Publication information
- Publisher: Marvel Comics
- First appearance: Avengers West Coast #63 (October 1990)
- Created by: Dann Thomas (co-writer) Roy Thomas (co-writer) Paul Ryan (artist)

In-story information
- Alter ego: Miguel Santos
- Team affiliations: Pacific Overlords West Coast Avengers Secret Avengers Rangers
- Notable aliases: Lightning, Relampago Vivo
- Abilities: Skilled street fighter Flight at sub-light speeds Electrical manipulation

= Living Lightning =

Marvel Comics superhero

Living Lightning (Miguel Santos) is a fictional superhero appearing in American comic books published by Marvel Comics. He first appeared in Avengers West Coast #63, published in October, 1990. The character was created by writers Dann Thomas and Roy Thomas and artist Paul Ryan.

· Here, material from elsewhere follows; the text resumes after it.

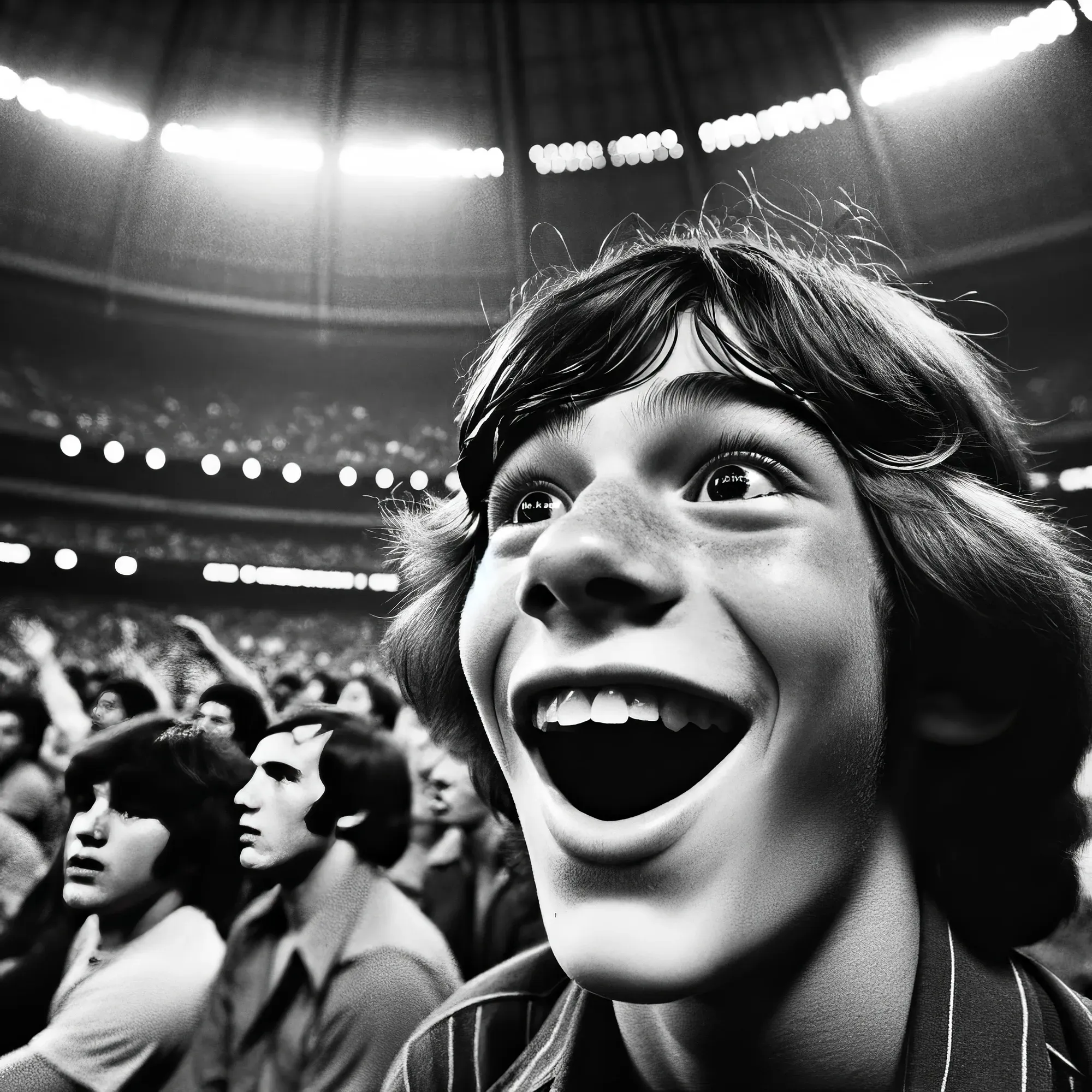 Young male wrestler with shag haircut smiling excitedly in crowded 1970s stadium under bright lights.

Miguel Santos started out trying to clear the name of his father, Carlos Santos, by investigating the Legion of the Living Lightning. During his investigations, a machine accidentally gave him electrical superpowers. Santos became a member of the Avengers West Coast and served with them during Operation: Galactic Storm. During the Civil War, Living Lightning sided with Captain America in opposing super hero registration. At the end of the Civil War, Living Lighting joined the Initiative, becoming a member of the Texas-based super-team, the Rangers.

==Creation==
Thomas spoke on his personal blog on the creation of the character stating:

"I don't know if Miguel Santos, the Living Lightning was the first Hispanic super-hero at Marvel or not; that wasn't the idea when I came up with him, but he was certainly one of the first, at least. Having lived at that time in Los Angeles since mid-1976, I thought it was about time.

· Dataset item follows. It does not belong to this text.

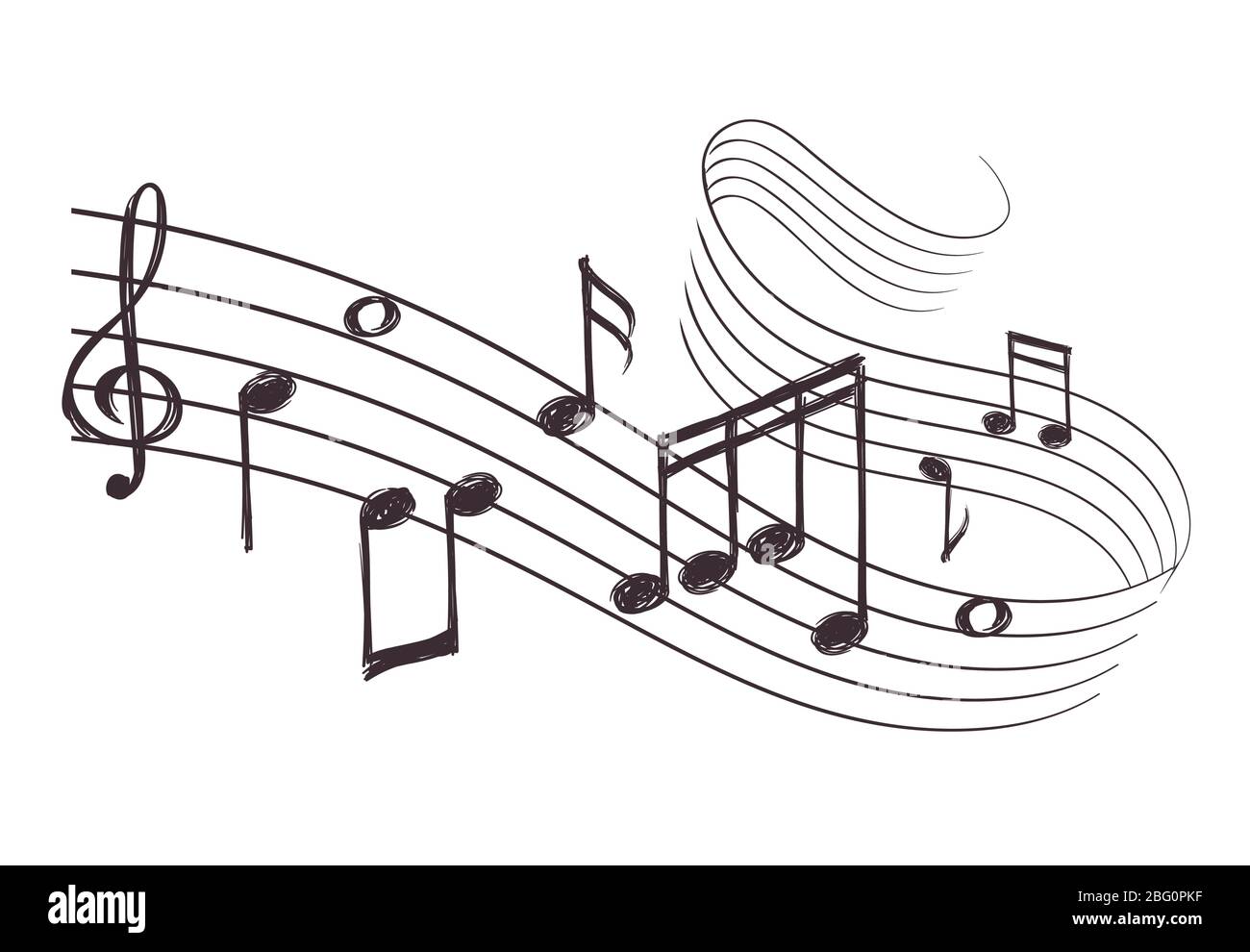 Skizzieren Sie musikalische Klangwelle mit Noten. Handgezeichnete Vektorgrafik. Musik-Notiz Doodle und Audio-Aufnahme Stock Vektor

The name was taken from Stan Lee (who else?), who way back in the late-60s TALES TO ASTONISH had made up the Legion of the Living Lightning as one of the many "secret empire"-type groups running around in those days, drawn in that case by Marie Severin. Later, when writing THOR, I liked the phrase "living lightning" so much that I had him often refer to himself as the "lord of the living lightning." But eventually, I decided I wanted that name solidly affixed to a super-hero... an electrical echo of the Human Torch, of course. (Back when I was 10-12, something like that, I had written and drawn a few stories, or at least pages, about a similar hero I called Shockman, or occasionally Shockwave... I drew him, so far as I could, to LOOK like an electric version of the Torch. So this was just reviving that idea 40 or so years later.)

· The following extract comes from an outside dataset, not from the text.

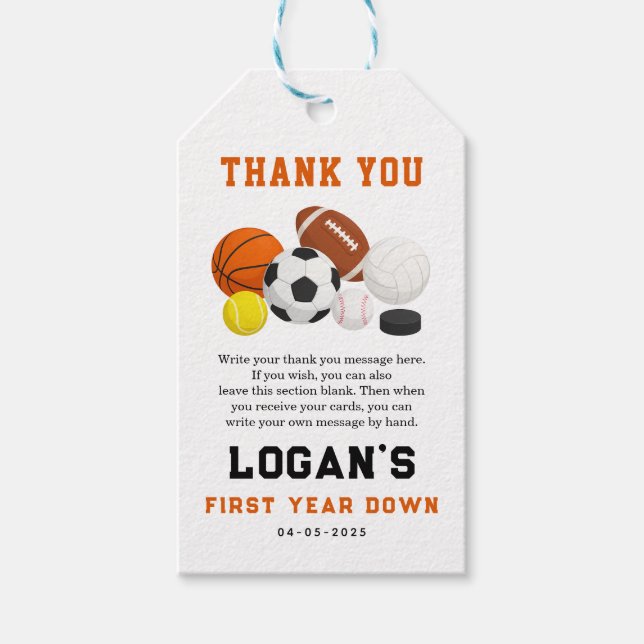 Little Rookie Sports 1st Birthday | All-Star Party Presentetikett (Framsidan)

Dann and I worked him out, since, as a Los Angeleno, she had gone to school (and later worked with) numerous Hispanics. And our neighbor across the street was named Santos... so we took the last name from that. Dann spoke a little Spanish, and I had learned a tiny bit when gearing up for a month-long drive through Mexico in 1964... and we decided that, like some folks we'd both run into and read about in THE L.A. TIMES, he would speak mostly English, with some Spanish words tossed in for flavor. That was only one, and perhaps not perfect, way to approach LL's speech pattern, but we did the best we could. If others came up with more "authentic" speech patterns later, fine... that was up to them.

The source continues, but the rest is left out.